One of the consequences of the war has been a lack of manpower in Israel. The agriculture and construction sectors have been particularly hard-hit since work permits were withdrawn from Palestinians from the West Bank and Gaza.
This situation has been compounded by the loss of foreign workers, including thousands of Thai nationals, many of whom have returned home.
Sir Lankan Ambassador to Israel Nimal Bandara said he has been working tirelessly with the Israeli and Sri Lankan governments to find a solution to the problem
Bandara said he was devastated by the Hamas atrocities on October 7.
Two Sri Lankan caregivers, Anula Ratnayaka, 49, and Sujith Yatawara, 48, both of whom lived and worked on Kibbutz Be’eri, were murdered in the attacks, leaving the Sri Lankan community here and in the homeland shaken to its core, he said.
Bandara said he immediately took action, identifying their bodies and arranging for their repatriation.
He also encouraged Sri Lankan citizens in Israel to remain here and help with the war effort by donating blood and volunteering on farms. None of them returned home, he said, adding that they stayed to help wherever possible.
Recognizing that the lack of manpower was a significant problem, Bandara said he met with Agriculture and Rural Development Minister Avi Ditcher, Director-General Oren Lavi, and Senior Deputy Director-General Yakov Poleg to discuss how Sri Lankan workers could help. They agreed on a plan of action, he said.
Thousands of work permits being issued to Sri Lankans
With a significant number of vacancies, thousands of permits are being issued to Sri Lankans for this project, which is being administered “government to government,” with no private-sector involvement, Bandara said.

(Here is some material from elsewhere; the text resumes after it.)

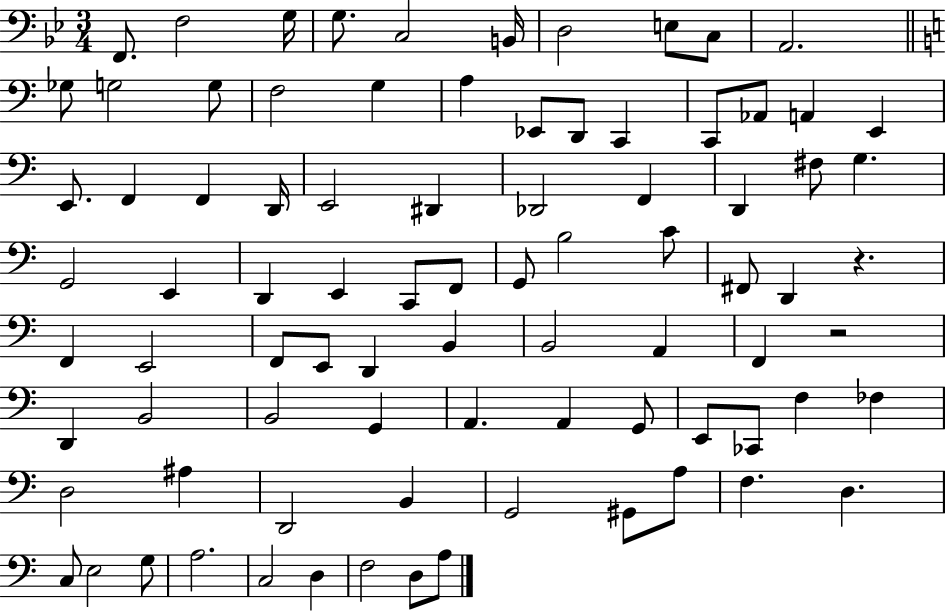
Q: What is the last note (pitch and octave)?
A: A3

The Sri Lanka Bureau of Foreign Employment is interviewing and choosing applicants in Sri Lanka, representatives of the Sri Lankan embassy said. Sri Lankans who are selected will start to arrive in small numbers over the next few weeks, depending on flight availability. They will have to cover the cost of their flights, which the bureau will arrange on their behalf.
The Sri Lankan embassy in Israel and the Population and Immigration Authority will coordinate the project in Israel.
Upon arrival, most of the Sri Lankans will work in the agriculture and construction sectors. A smaller number will work as caregivers alongside the Sri Lankans who already live and work in Israel in this field.
While for many years, Sri Lankans have been an integral part of the caregiving community in Israel, the new arrangement will see their role expand among the workforce. Bandara anticipates that this will be beneficial for both countries.
Not only will Israel be able to service its construction and agriculture sectors, thereby boosting its economy, but the Sri Lankan economy will receive a considerable boost through the workers who send money home to their families, he said.
“This strengthening of ties between the two countries, both of which can expect to see economic growth as a result, has been a welcome development in an otherwise bleak period,” Bandara said.